然而这时,我妈却认为我大学四年太顺遂了,小日子过得太滋润,根本没尝试过人间疾苦。于是通过朋友的关系,在广州某化妆品工厂帮我安排了一份工作,说是让我过去锻炼锻炼,体验一下别人的生活。

我当然心不甘情不愿:好端端被安排去工厂打工,那我的“珠宝梦”怎么办?一番反抗之后,终究“母命难违”,我只好硬着头皮迎难而上。

工厂位于一个偏僻的地方。我先是从深圳搭大巴到广州,到了广州又是转公交又是转小摩托,一路颠簸,几经周折,才到达目的地。

(我与我的剪影作品)

到了工厂一看,我差点崩溃。住的是集体宿舍,钢丝床,上下铺。吃饭的时候在饭堂,吃那种大盘菜。上班的时候要进车间,在生产线上干一些重复而机械化的工作。下了班,还要跟工人们一起参加学习培训……

当时我难过死了:我妈怎么那么狠心,把我送到这种地方来?

呆了一年多,听了很多人的故事。我以为自己已经够苦的了,但一听别人的故事,眼泪都掉下来了,才觉得他的人生才是真的不易。

一年之后,我成长了不少,忽然明白我妈的用心良苦,也因此更加珍惜自己当下的生活。

正当我犹豫不决,要不要继续找跟珠宝相关的工作时,剪影的机会又来了。自从前年的元宵节,我“替父出征”,取得不错的成绩之后,我的名气已在业内悄悄传播开去。

2011年,我以手艺人的身份,受邀出席全国大运会。这一次,是真正以自己的名义出席活动,我特别开心。

当时来的都是全国各地“国宝级”的手艺人。他们技艺精湛,都是所在领域最顶尖的高手、传承人。而我自己,还只是一个市级手艺人,经验不足,也还没有资格当传承人。

(我为贵州某中学的孩子们剪的肖像)

在活动举行的14天里,我们一起住在运动会的会馆里。有空的时候,我们就彼此切磋交流。从跟他们的交流中我获知,很多手艺都走在失传的边缘。

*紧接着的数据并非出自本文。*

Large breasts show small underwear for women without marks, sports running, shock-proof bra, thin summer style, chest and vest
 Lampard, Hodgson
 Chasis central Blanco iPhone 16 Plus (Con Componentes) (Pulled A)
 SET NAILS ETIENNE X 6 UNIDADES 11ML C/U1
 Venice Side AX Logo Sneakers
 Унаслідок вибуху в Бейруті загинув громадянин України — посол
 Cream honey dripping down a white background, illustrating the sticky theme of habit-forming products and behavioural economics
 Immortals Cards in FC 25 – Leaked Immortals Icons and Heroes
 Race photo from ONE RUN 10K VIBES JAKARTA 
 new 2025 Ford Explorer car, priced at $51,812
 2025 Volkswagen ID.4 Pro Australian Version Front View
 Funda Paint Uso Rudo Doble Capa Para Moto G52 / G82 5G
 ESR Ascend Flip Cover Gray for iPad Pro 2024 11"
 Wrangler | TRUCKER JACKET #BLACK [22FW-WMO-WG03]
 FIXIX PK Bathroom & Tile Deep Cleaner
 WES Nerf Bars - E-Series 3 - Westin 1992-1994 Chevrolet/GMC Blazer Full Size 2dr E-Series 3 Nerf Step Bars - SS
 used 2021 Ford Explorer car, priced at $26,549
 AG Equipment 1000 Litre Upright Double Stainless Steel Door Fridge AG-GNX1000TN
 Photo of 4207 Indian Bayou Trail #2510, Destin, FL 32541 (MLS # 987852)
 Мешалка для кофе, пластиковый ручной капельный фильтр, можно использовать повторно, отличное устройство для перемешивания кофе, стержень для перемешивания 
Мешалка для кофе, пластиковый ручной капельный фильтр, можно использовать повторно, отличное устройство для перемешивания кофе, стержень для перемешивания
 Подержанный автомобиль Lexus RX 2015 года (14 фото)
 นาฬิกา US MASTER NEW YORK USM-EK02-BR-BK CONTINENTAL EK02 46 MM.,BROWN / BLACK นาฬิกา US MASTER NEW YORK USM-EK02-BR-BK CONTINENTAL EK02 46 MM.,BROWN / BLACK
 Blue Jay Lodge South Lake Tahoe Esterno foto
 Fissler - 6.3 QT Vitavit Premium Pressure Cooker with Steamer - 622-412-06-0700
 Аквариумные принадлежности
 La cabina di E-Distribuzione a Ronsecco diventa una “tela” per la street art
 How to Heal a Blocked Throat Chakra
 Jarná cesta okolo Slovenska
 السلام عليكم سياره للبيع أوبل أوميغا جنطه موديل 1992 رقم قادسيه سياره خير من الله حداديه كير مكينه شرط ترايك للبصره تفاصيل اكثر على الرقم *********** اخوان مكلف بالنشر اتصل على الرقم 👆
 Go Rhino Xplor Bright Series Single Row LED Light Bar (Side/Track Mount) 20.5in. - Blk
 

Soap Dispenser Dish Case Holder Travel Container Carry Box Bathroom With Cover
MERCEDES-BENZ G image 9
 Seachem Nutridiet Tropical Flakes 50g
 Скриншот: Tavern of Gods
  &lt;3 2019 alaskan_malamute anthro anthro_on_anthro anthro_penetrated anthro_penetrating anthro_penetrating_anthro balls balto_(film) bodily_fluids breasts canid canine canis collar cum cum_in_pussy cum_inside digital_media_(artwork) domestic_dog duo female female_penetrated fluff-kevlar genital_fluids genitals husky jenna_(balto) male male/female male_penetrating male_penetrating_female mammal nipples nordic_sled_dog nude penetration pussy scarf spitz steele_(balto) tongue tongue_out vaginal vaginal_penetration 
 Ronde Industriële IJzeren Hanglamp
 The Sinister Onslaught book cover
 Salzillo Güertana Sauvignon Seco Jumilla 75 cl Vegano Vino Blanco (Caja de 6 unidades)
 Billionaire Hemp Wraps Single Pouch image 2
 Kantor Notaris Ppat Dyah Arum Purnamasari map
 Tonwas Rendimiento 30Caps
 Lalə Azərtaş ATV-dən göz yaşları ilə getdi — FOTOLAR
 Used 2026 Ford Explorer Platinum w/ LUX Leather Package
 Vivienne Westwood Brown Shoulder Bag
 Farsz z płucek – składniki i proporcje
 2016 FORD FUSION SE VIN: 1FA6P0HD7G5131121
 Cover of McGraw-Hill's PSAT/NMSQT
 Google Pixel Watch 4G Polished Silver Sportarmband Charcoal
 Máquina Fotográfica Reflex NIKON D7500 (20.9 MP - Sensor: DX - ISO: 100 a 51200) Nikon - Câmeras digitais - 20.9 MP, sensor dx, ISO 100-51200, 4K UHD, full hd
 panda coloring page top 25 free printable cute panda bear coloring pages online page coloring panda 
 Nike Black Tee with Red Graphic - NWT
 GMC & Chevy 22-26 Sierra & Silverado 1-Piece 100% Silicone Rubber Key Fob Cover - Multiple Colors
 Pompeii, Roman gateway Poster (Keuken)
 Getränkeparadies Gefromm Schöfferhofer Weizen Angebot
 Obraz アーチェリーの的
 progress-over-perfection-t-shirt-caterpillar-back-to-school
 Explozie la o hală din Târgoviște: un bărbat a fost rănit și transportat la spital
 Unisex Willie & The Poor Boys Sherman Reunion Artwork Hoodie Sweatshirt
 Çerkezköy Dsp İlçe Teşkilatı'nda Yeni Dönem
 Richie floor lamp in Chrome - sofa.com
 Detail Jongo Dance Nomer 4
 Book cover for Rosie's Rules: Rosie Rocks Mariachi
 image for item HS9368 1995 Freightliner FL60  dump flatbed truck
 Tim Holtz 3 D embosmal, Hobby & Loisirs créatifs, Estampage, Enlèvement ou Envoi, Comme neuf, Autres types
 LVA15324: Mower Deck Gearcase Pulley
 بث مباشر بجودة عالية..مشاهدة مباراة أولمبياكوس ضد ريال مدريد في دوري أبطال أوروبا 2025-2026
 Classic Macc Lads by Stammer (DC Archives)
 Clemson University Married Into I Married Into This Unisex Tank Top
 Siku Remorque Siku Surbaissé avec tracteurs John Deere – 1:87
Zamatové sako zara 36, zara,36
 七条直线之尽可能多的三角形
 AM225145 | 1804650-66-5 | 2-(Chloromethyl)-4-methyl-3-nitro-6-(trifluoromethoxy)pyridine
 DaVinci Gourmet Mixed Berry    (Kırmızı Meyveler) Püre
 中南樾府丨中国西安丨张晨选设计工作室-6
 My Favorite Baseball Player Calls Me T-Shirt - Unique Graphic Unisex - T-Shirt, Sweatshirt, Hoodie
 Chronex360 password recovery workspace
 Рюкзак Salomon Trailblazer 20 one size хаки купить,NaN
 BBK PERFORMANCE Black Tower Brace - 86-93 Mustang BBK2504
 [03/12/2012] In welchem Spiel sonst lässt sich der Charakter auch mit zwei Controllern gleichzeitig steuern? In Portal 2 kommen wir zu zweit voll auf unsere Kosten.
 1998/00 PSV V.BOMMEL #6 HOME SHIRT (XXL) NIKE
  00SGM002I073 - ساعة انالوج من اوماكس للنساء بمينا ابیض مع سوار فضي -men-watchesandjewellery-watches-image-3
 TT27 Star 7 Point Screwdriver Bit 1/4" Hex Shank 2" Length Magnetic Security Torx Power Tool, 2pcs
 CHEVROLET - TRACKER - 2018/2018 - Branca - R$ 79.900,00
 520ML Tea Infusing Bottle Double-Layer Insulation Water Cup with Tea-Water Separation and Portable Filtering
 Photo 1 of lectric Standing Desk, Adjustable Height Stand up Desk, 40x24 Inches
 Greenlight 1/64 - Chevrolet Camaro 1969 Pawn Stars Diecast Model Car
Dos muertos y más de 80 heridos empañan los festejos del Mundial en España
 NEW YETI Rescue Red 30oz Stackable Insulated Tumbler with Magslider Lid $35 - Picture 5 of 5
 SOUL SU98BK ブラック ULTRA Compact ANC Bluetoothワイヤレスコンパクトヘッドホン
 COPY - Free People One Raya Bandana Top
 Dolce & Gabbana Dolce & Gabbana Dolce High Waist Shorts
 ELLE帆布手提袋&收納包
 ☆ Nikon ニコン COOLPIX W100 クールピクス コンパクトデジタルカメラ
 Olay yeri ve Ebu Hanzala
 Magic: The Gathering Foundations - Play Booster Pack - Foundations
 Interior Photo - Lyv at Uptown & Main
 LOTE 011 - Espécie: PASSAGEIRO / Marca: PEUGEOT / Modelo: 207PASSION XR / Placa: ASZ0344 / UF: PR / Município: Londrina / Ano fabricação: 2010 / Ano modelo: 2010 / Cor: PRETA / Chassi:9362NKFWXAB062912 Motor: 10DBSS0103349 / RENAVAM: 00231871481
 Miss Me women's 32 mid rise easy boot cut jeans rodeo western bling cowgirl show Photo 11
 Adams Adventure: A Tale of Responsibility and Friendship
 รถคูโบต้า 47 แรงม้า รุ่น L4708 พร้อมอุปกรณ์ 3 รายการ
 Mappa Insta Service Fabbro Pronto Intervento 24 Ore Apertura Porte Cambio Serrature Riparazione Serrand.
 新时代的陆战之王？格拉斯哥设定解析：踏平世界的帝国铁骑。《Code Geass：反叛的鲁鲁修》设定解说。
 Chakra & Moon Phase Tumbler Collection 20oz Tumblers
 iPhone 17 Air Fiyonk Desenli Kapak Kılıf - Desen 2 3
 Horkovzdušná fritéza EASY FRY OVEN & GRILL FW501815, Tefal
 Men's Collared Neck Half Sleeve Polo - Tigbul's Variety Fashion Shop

比如有一个从事核雕的师傅,已经七十多岁了,他技艺卓绝,作品非凡,虽然也培养了很多学生,但年轻一代(他孩子)对这个丝毫不感兴趣,一直没有传承人。

后来细一打听,其他手艺人的情况几乎如出一辙。

我心里一阵黯然神伤。那些手艺多么好啊,怎么就没人传承呢?如若手艺没能得到传承,终有一天会销声匿迹,那我们的文化还怎么保留?我们还怎么被称为炎黄子孙?我们口口声声引以为豪的五千年文明还怎么安放?

我印象很深刻,闭幕式那天,当我给获奖选手们剪影,数秒里为他们剪出一枚栩栩如生的头像时,他们欢呼雀跃的样子特别让我难忘。那一刻,我发现自己也被他们感染了。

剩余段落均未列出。